*Extracted information*:

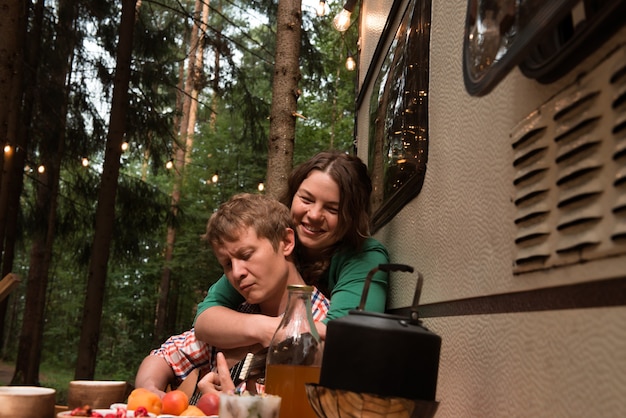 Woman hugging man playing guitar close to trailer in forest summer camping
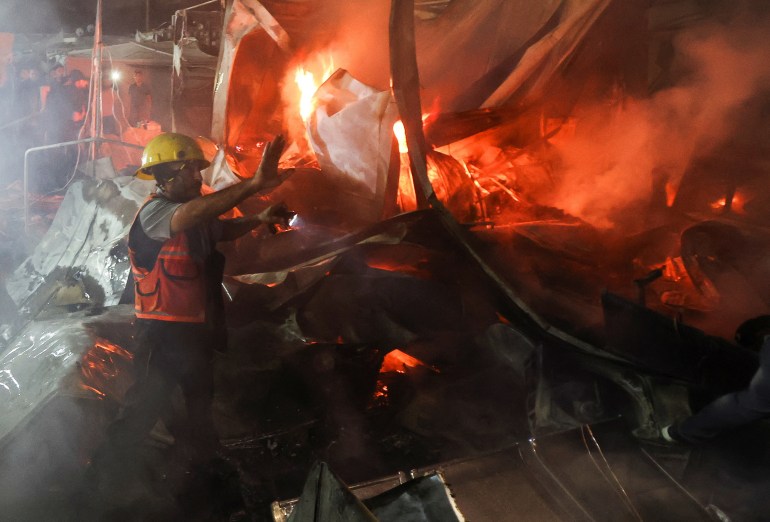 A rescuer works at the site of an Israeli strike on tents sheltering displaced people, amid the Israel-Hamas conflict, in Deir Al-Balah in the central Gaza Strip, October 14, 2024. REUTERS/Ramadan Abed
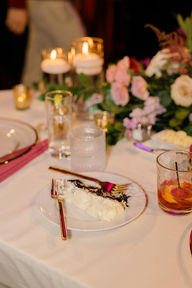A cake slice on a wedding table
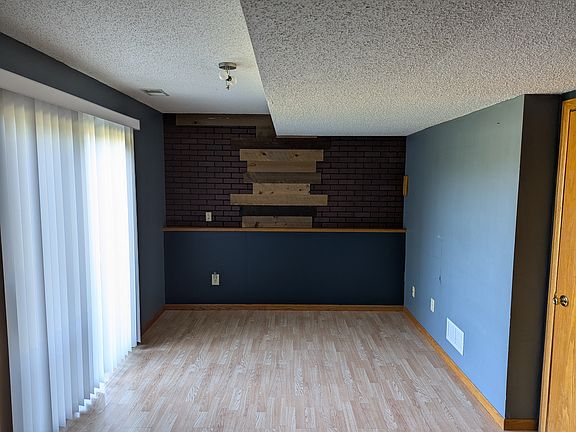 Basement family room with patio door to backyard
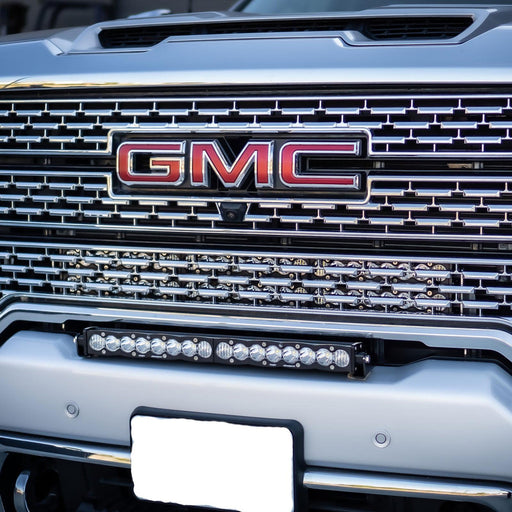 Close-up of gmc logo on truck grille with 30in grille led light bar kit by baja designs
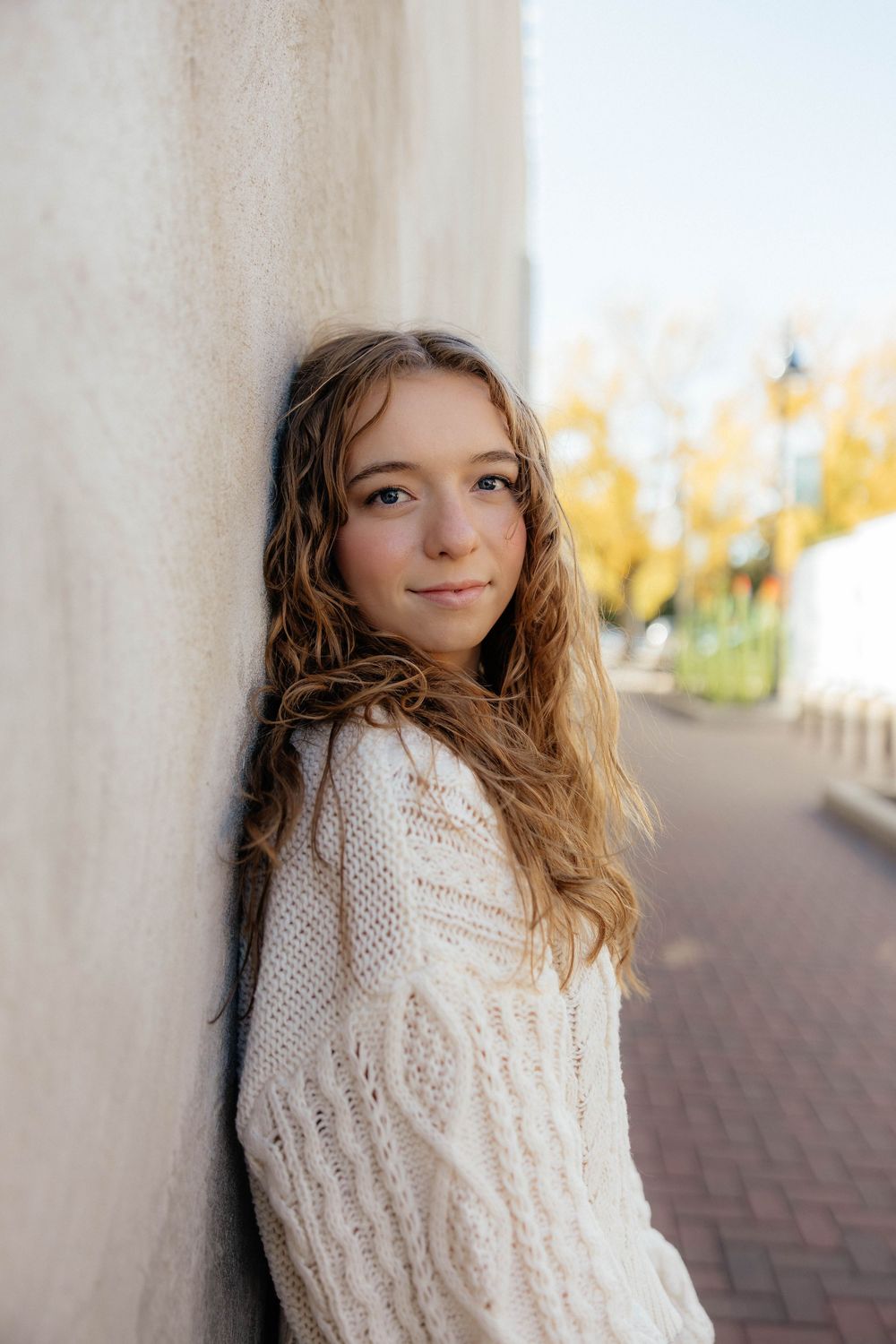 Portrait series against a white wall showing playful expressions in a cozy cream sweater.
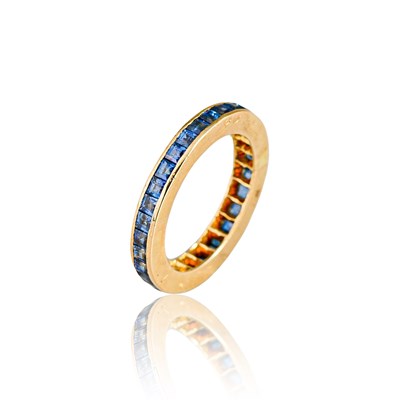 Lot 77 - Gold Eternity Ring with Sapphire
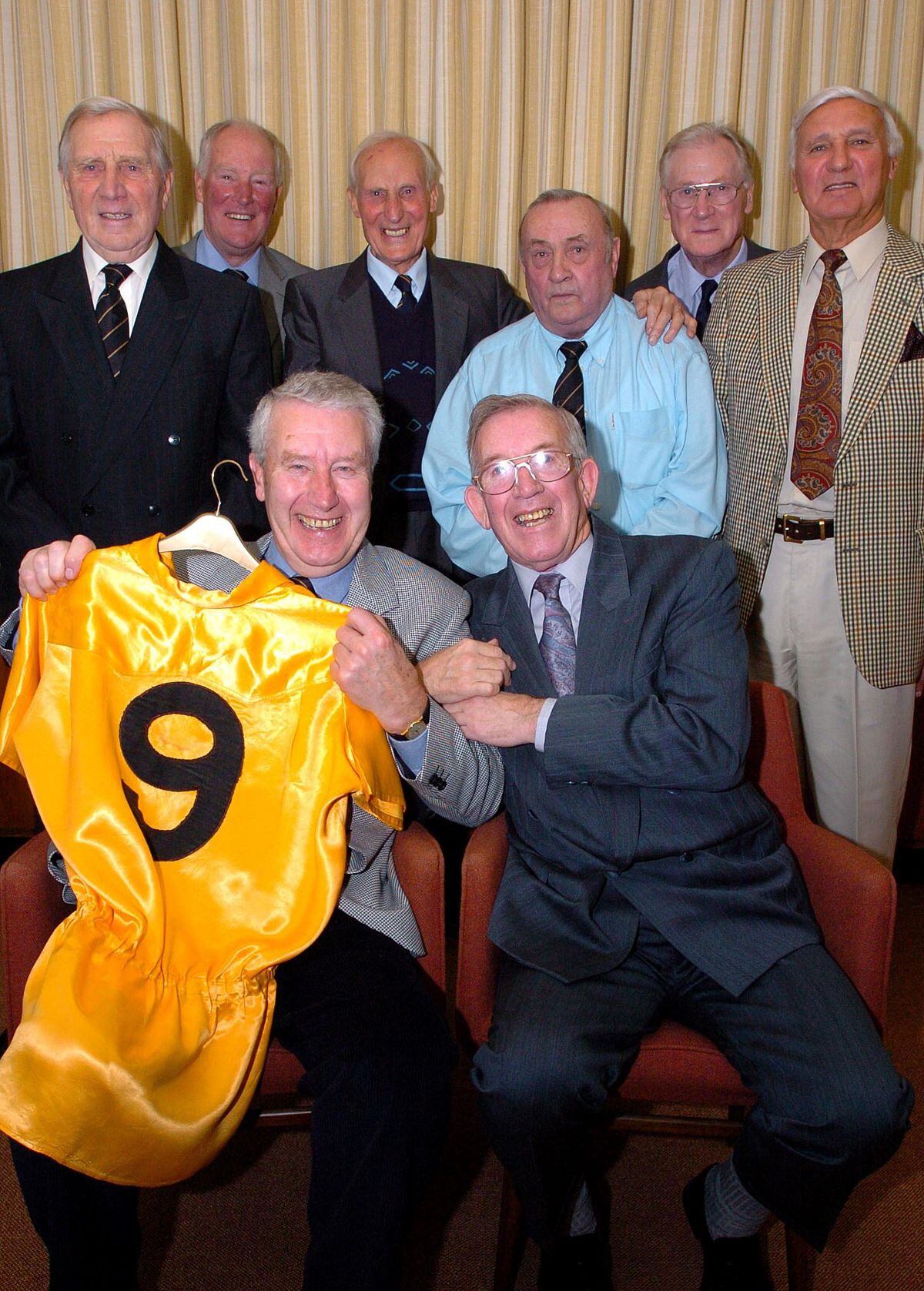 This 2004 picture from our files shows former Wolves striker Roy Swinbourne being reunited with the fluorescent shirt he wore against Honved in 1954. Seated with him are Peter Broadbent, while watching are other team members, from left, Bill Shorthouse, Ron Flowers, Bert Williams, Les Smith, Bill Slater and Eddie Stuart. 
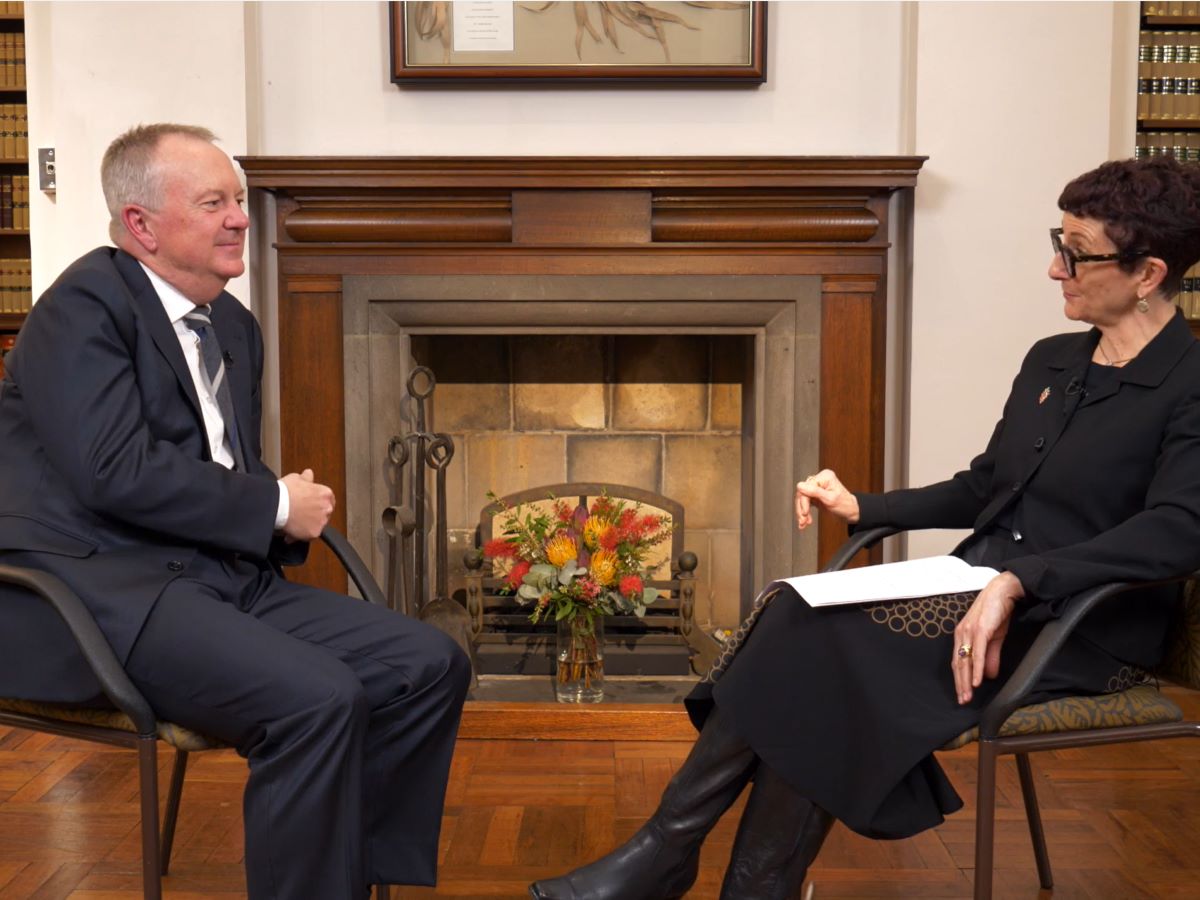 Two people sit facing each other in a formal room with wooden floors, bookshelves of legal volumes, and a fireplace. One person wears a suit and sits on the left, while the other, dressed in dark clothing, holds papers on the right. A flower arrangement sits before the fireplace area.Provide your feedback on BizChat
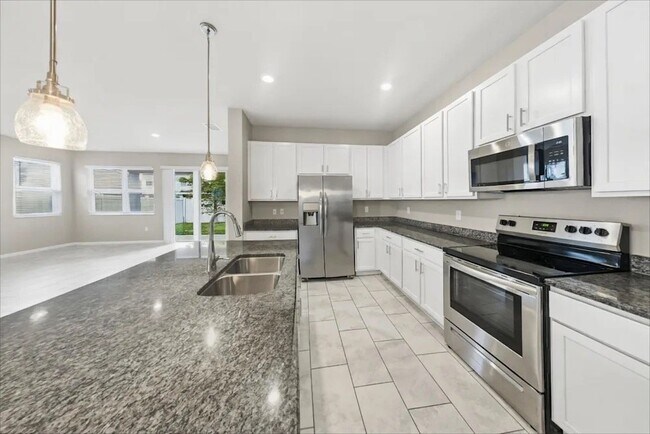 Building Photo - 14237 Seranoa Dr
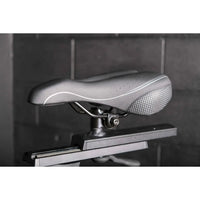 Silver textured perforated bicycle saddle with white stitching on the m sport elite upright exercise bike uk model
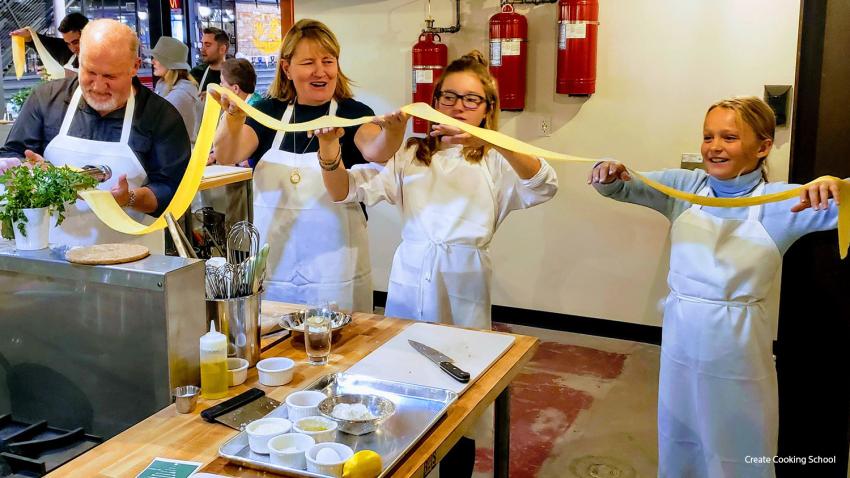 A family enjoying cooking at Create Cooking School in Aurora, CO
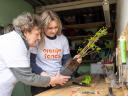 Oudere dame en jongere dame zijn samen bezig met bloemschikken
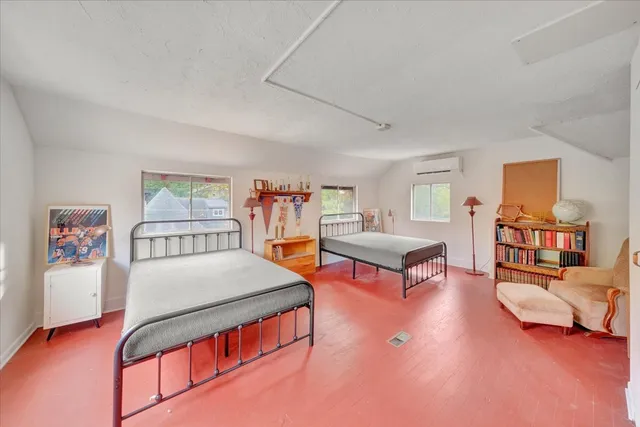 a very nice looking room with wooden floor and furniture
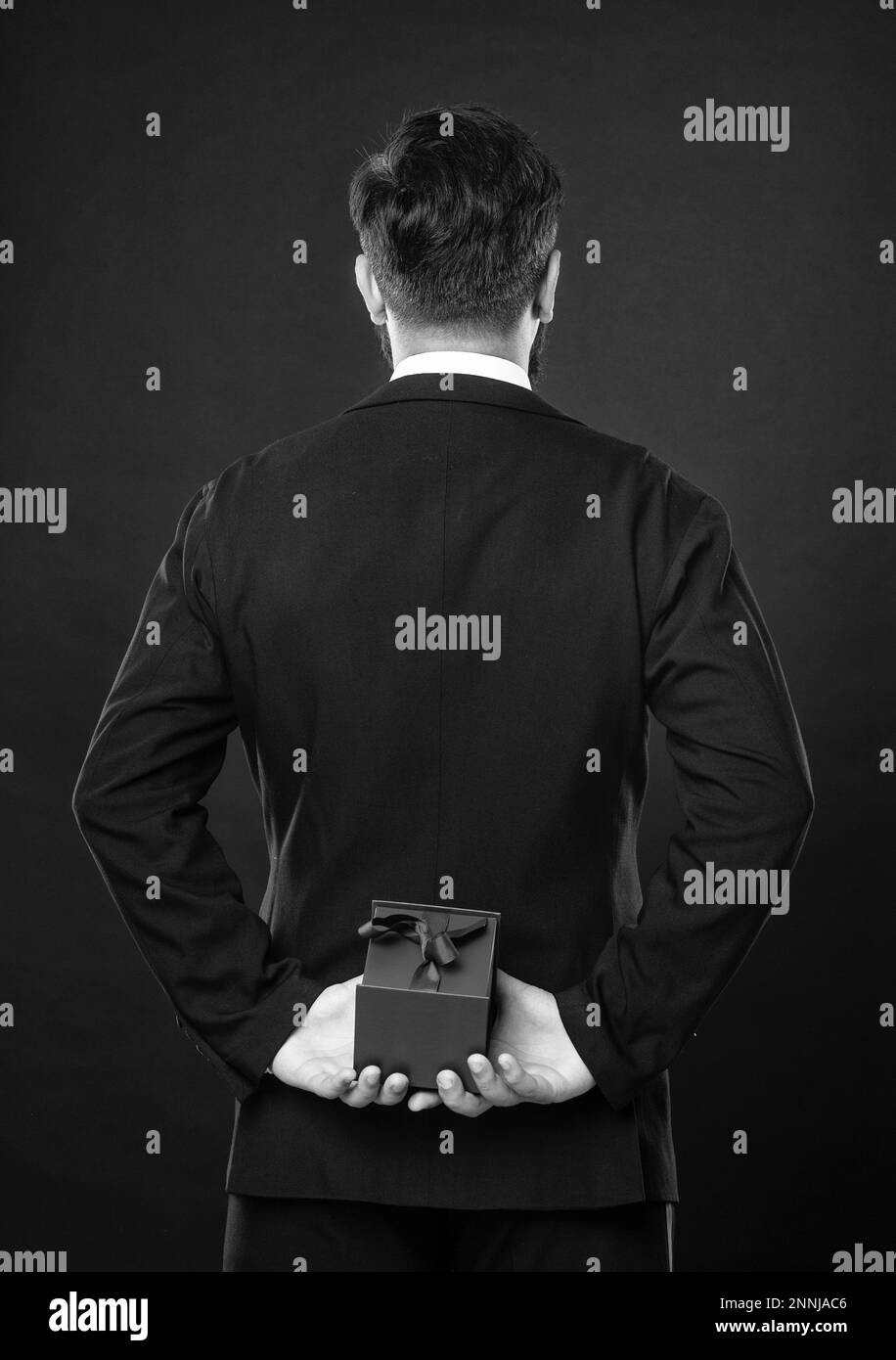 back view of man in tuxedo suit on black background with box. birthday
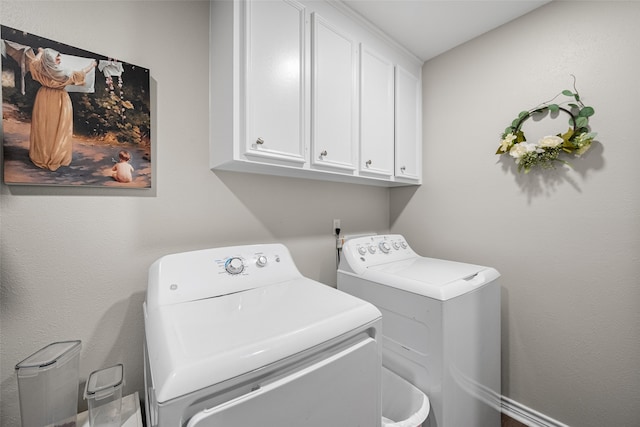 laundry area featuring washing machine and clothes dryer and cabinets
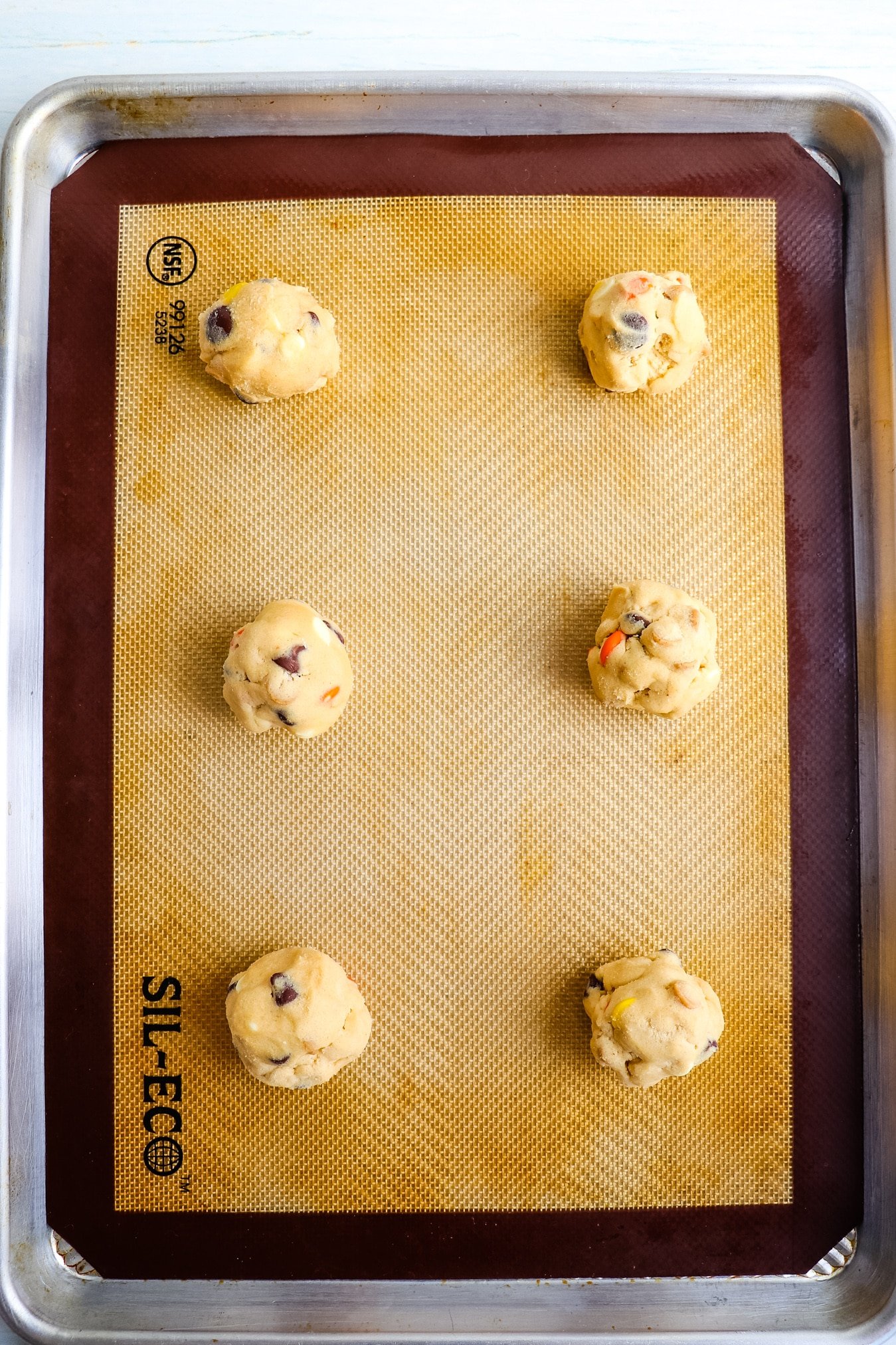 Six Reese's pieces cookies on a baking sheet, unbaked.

*Your goal*:
Retype all of the material above precisely as it reads. Pictures are not part of the copy.

*Response to the exercise*:
 Woman hugging man playing guitar close to trailer in forest summer camping
 A rescuer works at the site of an Israeli strike on tents sheltering displaced people, amid the Israel-Hamas conflict, in Deir Al-Balah in the central Gaza Strip, October 14, 2024. REUTERS/Ramadan Abed
A cake slice on a wedding table
 Basement family room with patio door to backyard
 Close-up of gmc logo on truck grille with 30in grille led light bar kit by baja designs
 Portrait series against a white wall showing playful expressions in a cozy cream sweater.
 Lot 77 - Gold Eternity Ring with Sapphire
 This 2004 picture from our files shows former Wolves striker Roy Swinbourne being reunited with the fluorescent shirt he wore against Honved in 1954. Seated with him are Peter Broadbent, while watching are other team members, from left, Bill Shorthouse, Ron Flowers, Bert Williams, Les Smith, Bill Slater and Eddie Stuart. 
 Two people sit facing each other in a formal room with wooden floors, bookshelves of legal volumes, and a fireplace. One person wears a suit and sits on the left, while the other, dressed in dark clothing, holds papers on the right. A flower arrangement sits before the fireplace area.Provide your feedback on BizChat
 Building Photo - 14237 Seranoa Dr
 Silver textured perforated bicycle saddle with white stitching on the m sport elite upright exercise bike uk model
 A family enjoying cooking at Create Cooking School in Aurora, CO
 Oudere dame en jongere dame zijn samen bezig met bloemschikken
 a very nice looking room with wooden floor and furniture
 back view of man in tuxedo suit on black background with box. birthday
 laundry area featuring washing machine and clothes dryer and cabinets
 Six Reese's pieces cookies on a baking sheet, unbaked.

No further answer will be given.